Egypt’s decision to grant citizenship to the children of Palestinians married to Egyptian women is being hailed as a victory for women’s rights in Cairo — and equally welcomed in Israel but for political reasons.
“We praise the decision by the minister of interior. This is a victory for human rights and especially for women’s rights because it gives them equality,” Nahed Shehada, the head of programs for the Egyptian Center for Women’s Rights, told The Media Line.
Egyptian Interior Minister Maj.-Gen. Maj.-Gen. Mansour al-Issawi announced last week that Egypt would now bestow citizenship to the sons and daughters of Egyptian women married to Palestinians.
The move came following protests in Cairo by scores of Egyptian mothers of Palestinians demanding that they not be singled out. An amendment to the Egyptian Nationality Law in 2004 allowed Egyptian mothers married to foreigners to pass on their citizenship. But legislators wrote the amendment to exclude Palestinians, ostensibly out of deference to a decision by the Arab League in 1957 urging Arab states not to grant citizenship to Palestinians in order to protect their national identity.
“That was a mistaken decision of the Arab League,” Taisir Khaled, head of the Palestinian Authority’s expatriate department, told The Media Line. “This has no connection to their Palestinian rights or identity.”
Iraq, Syria, Saudi Arabia and other Gulf states have never granted Palestinians citizenship. Only Jordan among the Arab countries has given Palestinians full citizenship and they now are believed to make up the bulk of the Jordanian population. Some estimates put the number of Jordanians of Palestinian origin at 70%.

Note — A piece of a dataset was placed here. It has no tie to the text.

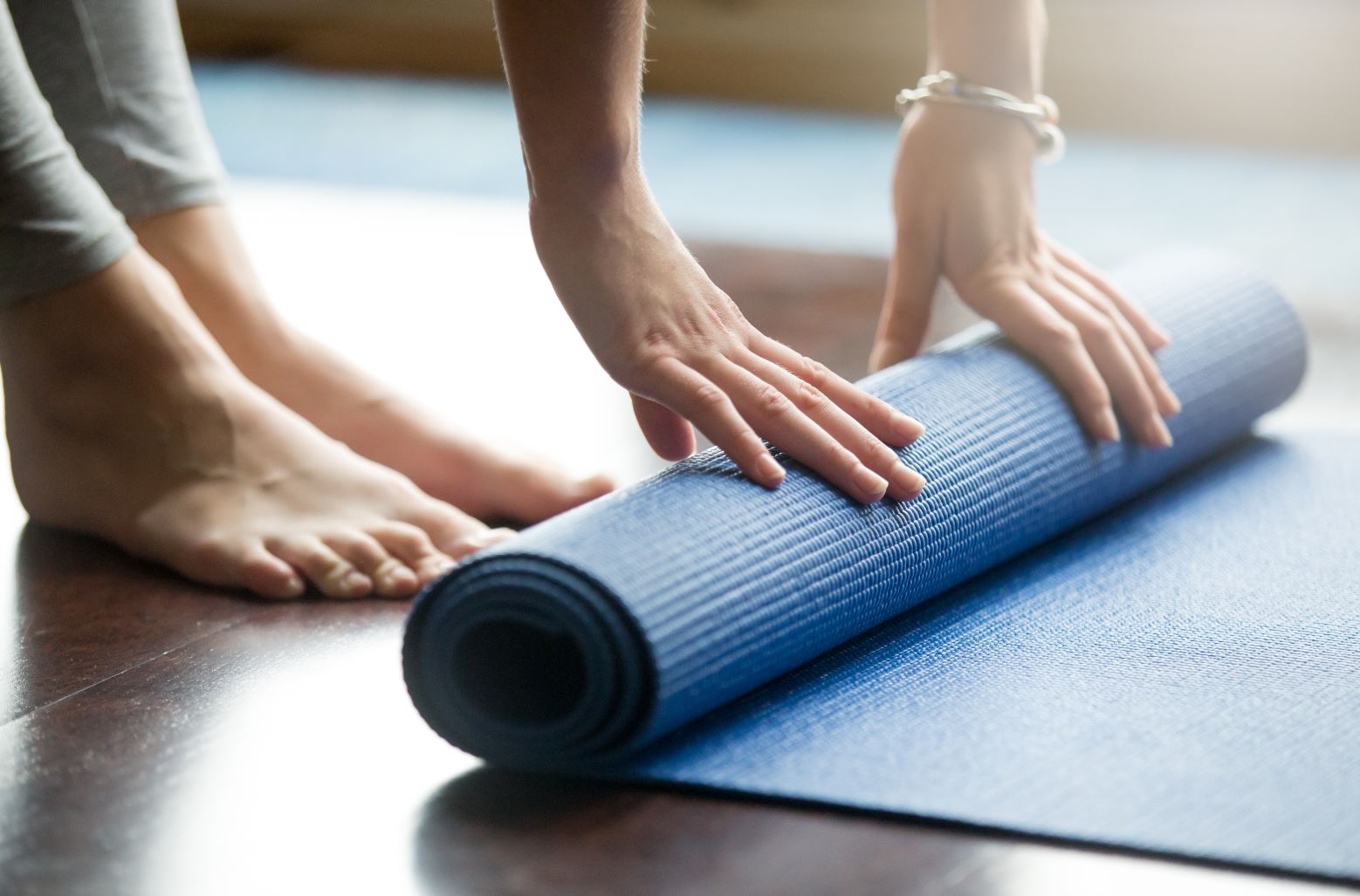 An image showing a person folding yoga mat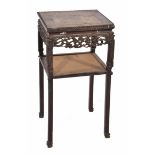 A 19TH CENTURY CHINESE HARDWOOD URN STAND with marble inset top, carved pierced prunus frieze and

Millions of Diaspora Palestinians – their exact number if subject to controversy – maintain no full peace can be achieved with Israel unless they are allowed to return to their ancestral homes, a move Israel rejects as demographic suicide.
“In Jordan the Palestinians have been given citizenship and none of them have any doubt about their Palestinians rights,” Khaled said.
Khaled estimated that some 100,000 Palestinians live in Egypt, a nation of 80 million. He said that their children had been suffering discrimination for years, especially when it comes to their residence papers and education expenses. “The new government [of Egypt] has made a welcome step toward the Palestinians. This is a step forward for human rights,” Khaled said.
It is estimated that 75,000 Palestinians moved to Egypt well before the foundation of Israel in 1948. Among the most prominent who grew up there were PLO leader Yasser Arafat and historian Edward Said.
Oroub El-Abed, author of the book Unprotected: Palestinians in Egypt Since 1948, has documented the Palestinian experience in Egypt. She wrote that “consistent denial of rights has eroded, not bolstered, Palestinian identity. … Thousands of vulnerable young Palestinians are ‘illegal’ despite having been born in Egypt.”
“As third and fourth post-nakba generation, they have minimal knowledge of Palestine or connection to traditional kin networks,” El-Abed wrote, using the Arabic term for Israel’s 1948 War of Independence. “State policies have left them in limbo, denying them both rights and identity.”
But Shehada of the Egyptian Center for Women’s Rights lauded the reform terming it mainly a gender issue, one more step toward ensuring women’s rights in Egypt, and not a Palestinian issue.
“Even if it were only one Palestinian it is still an important step,” said Shehada, adding their organization was also pushing for citizenship to be granted to foreign husbands of Egyptian women.
She added that under Egyptian law citizenship was automatically granted to women who marry Egyptian men.
The move comes as Egypt, currently under control of the military, has been boosting its influence with the Palestinians. It successfully brokered a reconciliation agreement between Fatah and Hamas that was signed last week in Cairo, and is promising to open up its border with the Hamas-controlled Gaza Strip.
Ties with Israel, never warm, have become more strained, with polls showing a large majority of Egyptians favoring severing diplomatic relations. Nevertheless, some Israelis saw the latest move in a positive light. But one former Israeli Foreign Ministry officials hailed the Egyptian decision on nationality.
“I welcome it. The more Palestinians who become Egyptian, the less they will be trying to become Israeli,” Alan Baker, a former legal adviser with the rank of ambassador at the ministry and now director of the Institute for Contemporary Affairs, a pro-Israel think tank in Jerusalem, told The Media Line.
“If the Egyptians are now going to give citizenship to these Palestinians then that’s wonderful,” said Baker. “The more other countries give their citizenship to the Palestinians the less of a problem we will have.”
“The Egyptians are becoming more humane, so this may be one of the indicatives of that,” Baker said. “They are giving the Palestinians as much as they think that they can give them because they don’t want responsibility of the Gaza Strip.”